Dans son article «Élections européennes. Discussion NPA-LO: c’est difficile», le NPA rapporte que LO a contesté la proposition du NPA de critiquer les traités fondateurs de l’UE. LO a paraît-il objecté à toute notion de «rupture» avec l’UE, ce avec quoi le NPA est tombé d’accord sous prétexte de lutte contre le nationalisme. «Leur argument fort», écrit le NPA, était qu’à une époque précédente, «il fallait combattre le préjugé selon lequel l’UE était progressiste, alors que maintenant il faut se battre contre les préjugés réactionnaires.»
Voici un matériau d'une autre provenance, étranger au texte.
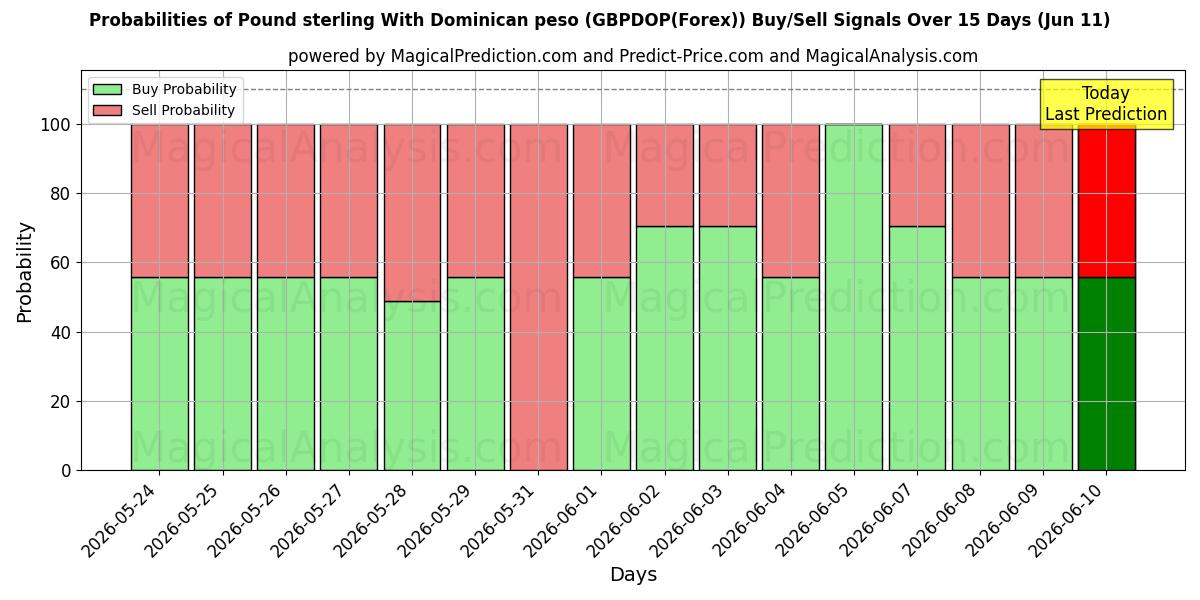 Probabilities of Pund Sterling Med Dominikanske pesos (GBPDOP(Forex)) Buy/Sell Signals Using Several AI Models Over 5 Days (11 Jun) 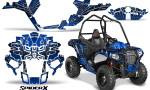 Polaris-Sportsman-ACE-CreatorX-Graphics-Kit-SpiderX-Blue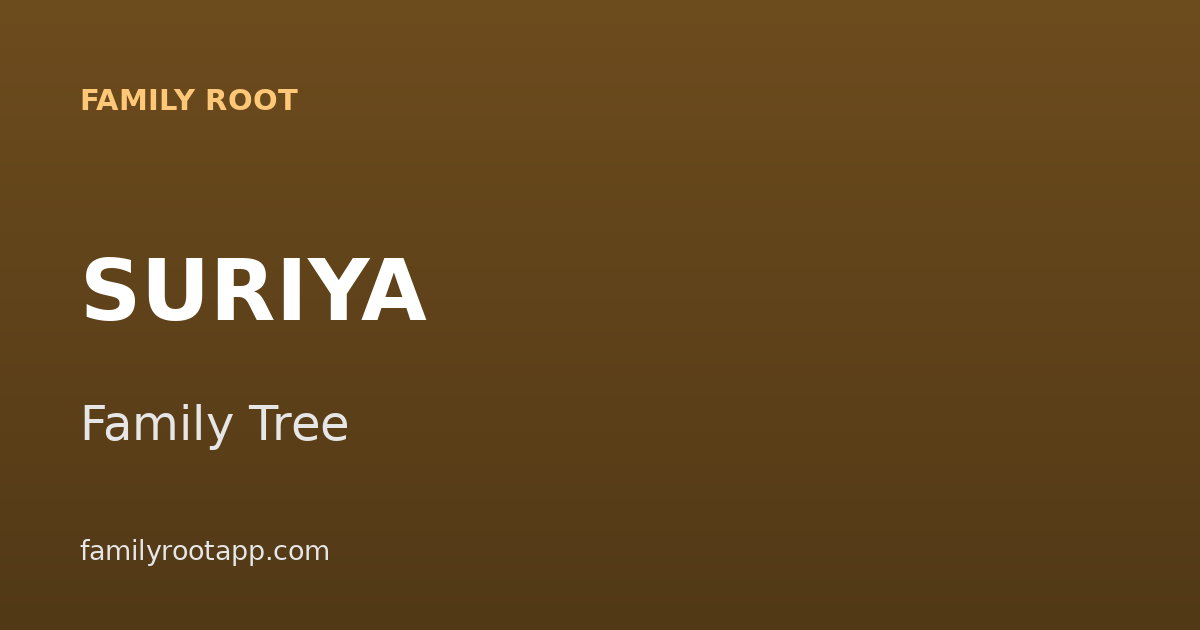 Suriya Family Tree: The Story Behind Tamil Cinema's Sivakumar Family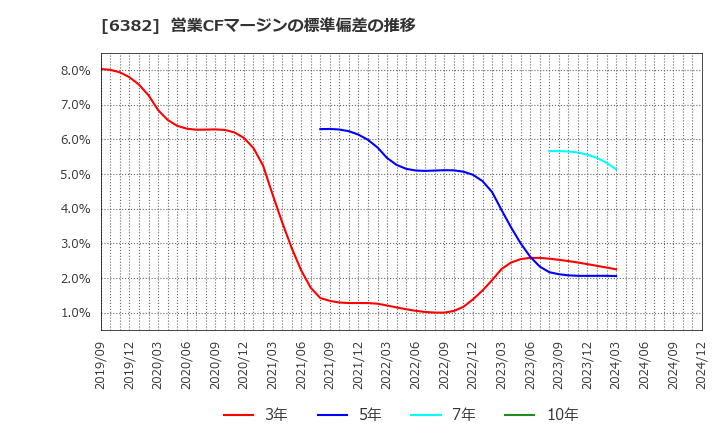 6382 トリニティ工業(株): 営業CFマージンの標準偏差の推移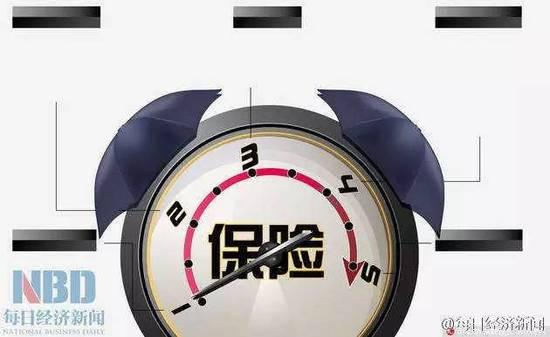 图片来源：东方IC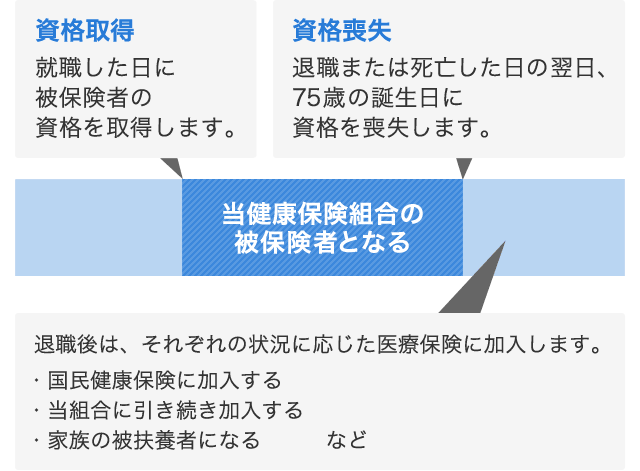 被保険者の資格期間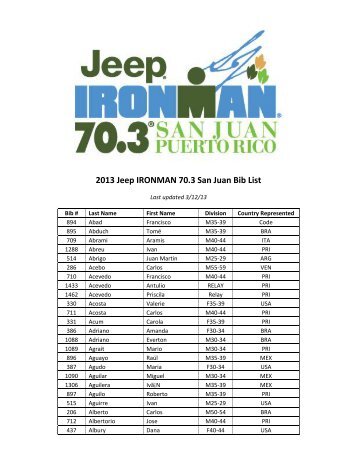 2013 Jeep IRONMAN 70.3 San Juan Bib List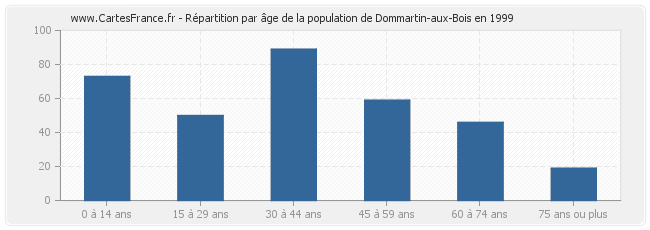 Répartition par âge de la population de Dommartin-aux-Bois en 1999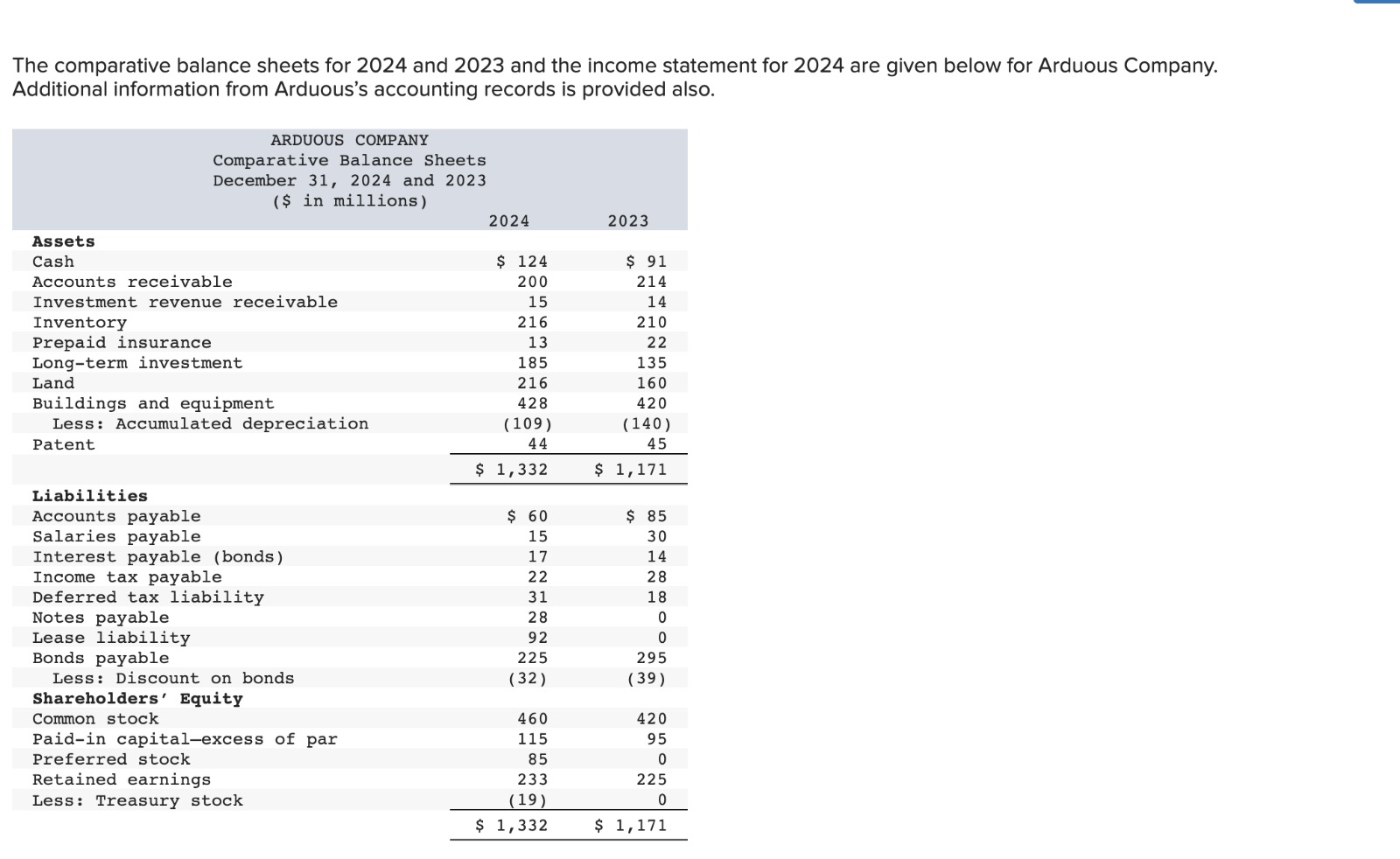 Solved The Comparative Balance Sheets For 2024 And 2023 And Chegg Com   PhpqDDhyL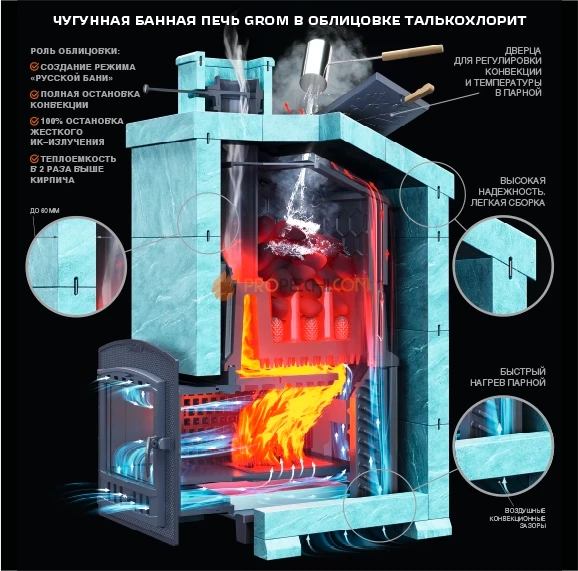Чугунная банная печь Гефест Гром 50 П2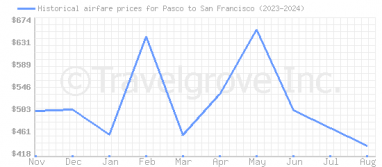 Price overview for flights from Pasco to San Francisco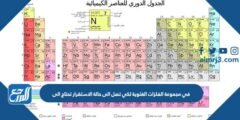 في مجموعة الفلزات الغلوية لكي تصل الى حالة الاستقرار تحتاج الى 2025 2 في مجموعة الفلزات الغلوية لكي تصل الى حالة الاستقرار تحتاج الى
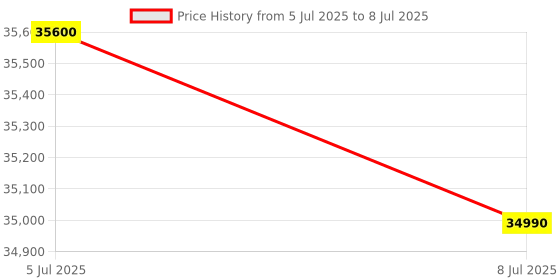 flipkart.com carrier 2024 Model 1 Ton 3 Star Split Inverter AC with Wi-fi Connect- White carrier Price History Graph from 5 Jul 2025 to 8 Jul 2025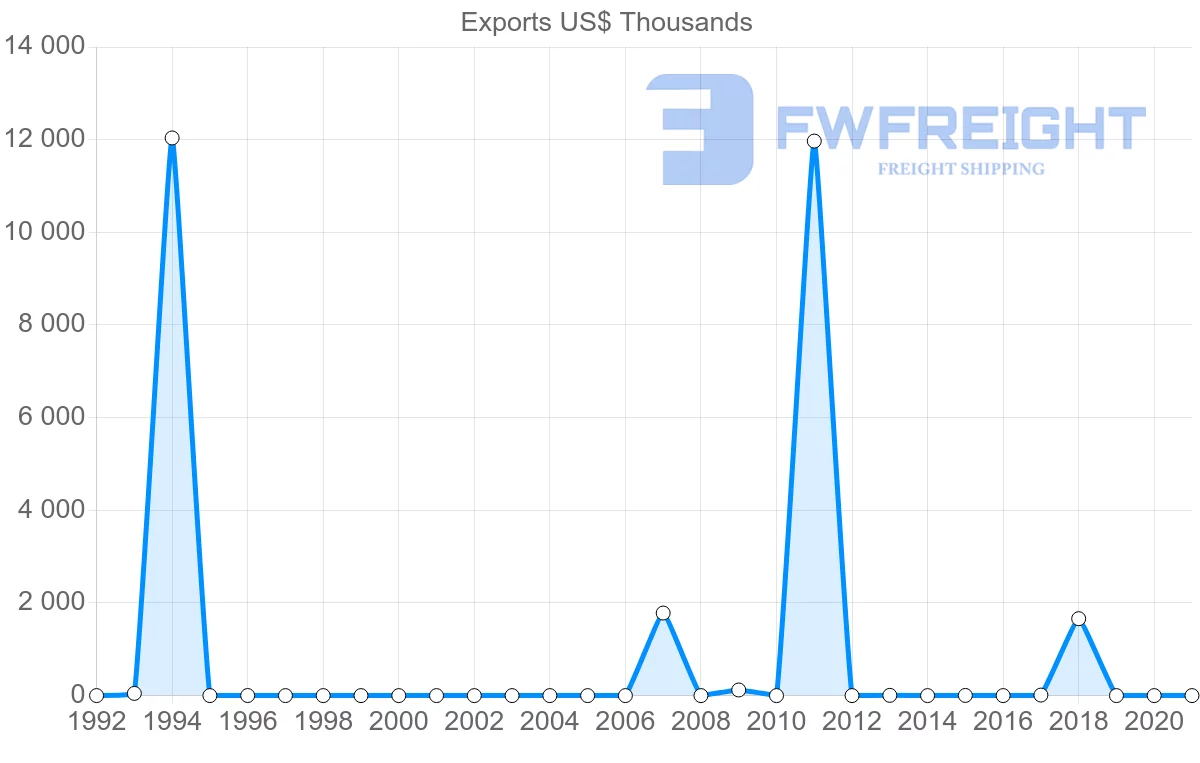 Shipping company from Republic of the Congo to Sweden
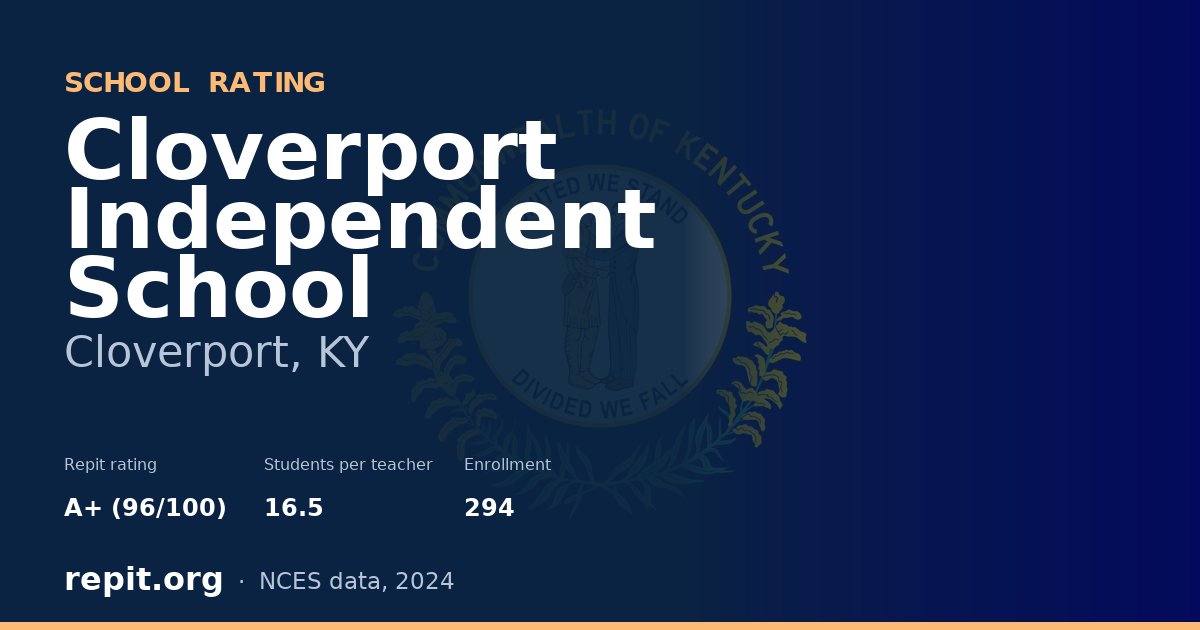 Cloverport Independent School, Cloverport, KY — Repit school rating A+ (96/100)
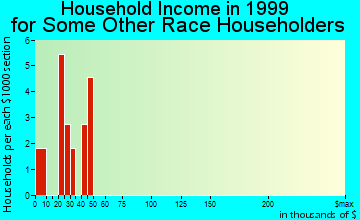 Conesville household income for some other race householders
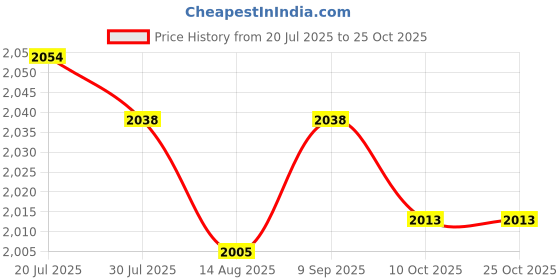amazon.in club bollywood LICHTS®2xSpecial Pocket Bra for Silicone Breast Form False Mastectomy 38 Beige club bollywood Price History Graph from 20 Jul 2025 to 22 Oct 2025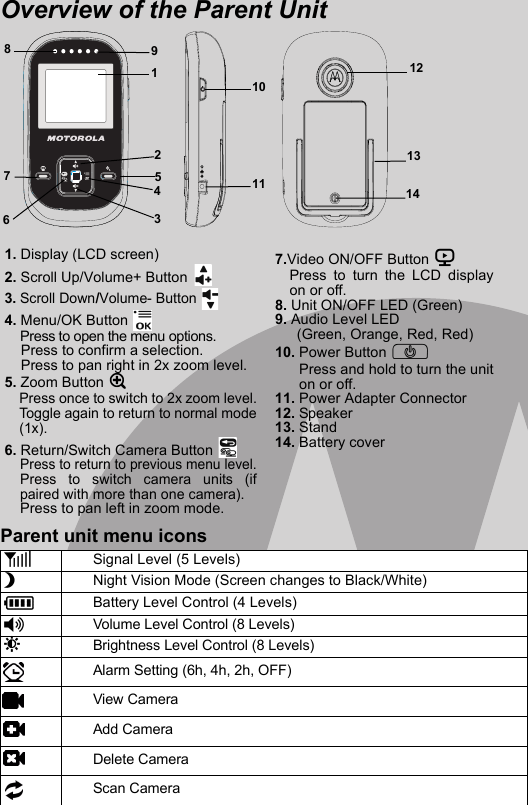 Overview of the Parent UnitParent unit menu icons1. Display (LCD screen)2. Scroll Up/Volume+ Button 3. Scroll Down/Volume- Button 4. Menu/OK Button   Press to open the menu options.    Press to confirm a selection.    Press to pan right in 2x zoom level.5. Zoom Button ZPress once to switch to 2x zoom level.Toggle again to return to normal mode(1x). 6. Return/Switch Camera Button Press to return to previous menu level.Press to switch camera units (ifpaired with more than one camera).Press to pan left in zoom mode.7.Video ON/OFF Button VPress to turn the LCD displayon or off.8. Unit ON/OFF LED (Green) 9. Audio Level LED (Green, Orange, Red, Red)10. Power Button PPress and hold to turn the uniton or off.11. Power Adapter Connector12. Speaker13. Stand14. Battery cover1Signal Level (5 Levels)NNight Vision Mode (Screen changes to Black/White)BBattery Level Control (4 Levels)*Volume Level Control (8 Levels)&amp;Brightness Level Control (8 Levels)Alarm Setting (6h, 4h, 2h, OFF)View CameraAdd CameraDelete CameraScan Camera1254397810111213146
Mais le mensonge selon lequel l’UE combattrait le nationalisme est tout aussi réactionnaire et faux que celui selon lequel le nationalisme serait une alternative à l’UE. Alors qu’elle laisse noyer les réfugiés en Méditerranée, soutient la remilitarisation de l’impérialisme allemand, travaille avec le régime d’extrême-droite italien et applaudit la répression violente des manifestations en France par la police, l’UE sert visiblement de matrice à l’éclosion du nationalisme à travers l’Europe. S’étant trompés en pensant que Chirac mènerait une lutte contre le nationalisme en 2002, LO et le NPA se trompent à nouveau applaudissant les vertus «internationalistes» de l’UE, appareil des puissances impérialistes européennes.

Il est impossible de lutter contre le militarisme et le néo fascisme en dehors de la mobilisation internationale des travailleurs en lutte sur un programme socialiste. La réfutation des partis petit-bourgeois réactionnaires est d’une importance primordiale pour les luttes de la classe ouvrière à travers l’Europe et au-delà. Elle démontre la nécessité absolue pour les travailleurs en lutte de s’organiser en comités d’action, indépendamment des appareils syndicaux. Elle démontre aussi le nécessité urgence de construire le CIQI en tant que direction révolutionnaire de la classe ouvrière.

Ce n’est qu’à travers sa lutte dans la classe ouvrière pour une perspective révolutionnaire qu’il est possible de transférer le pouvoir politique aux organisations créées par les travailleurs en lutte, à l’échelle nationale et continentale—c’est-à-dire de bâtir les Etats-Unis socialistes d’Europe.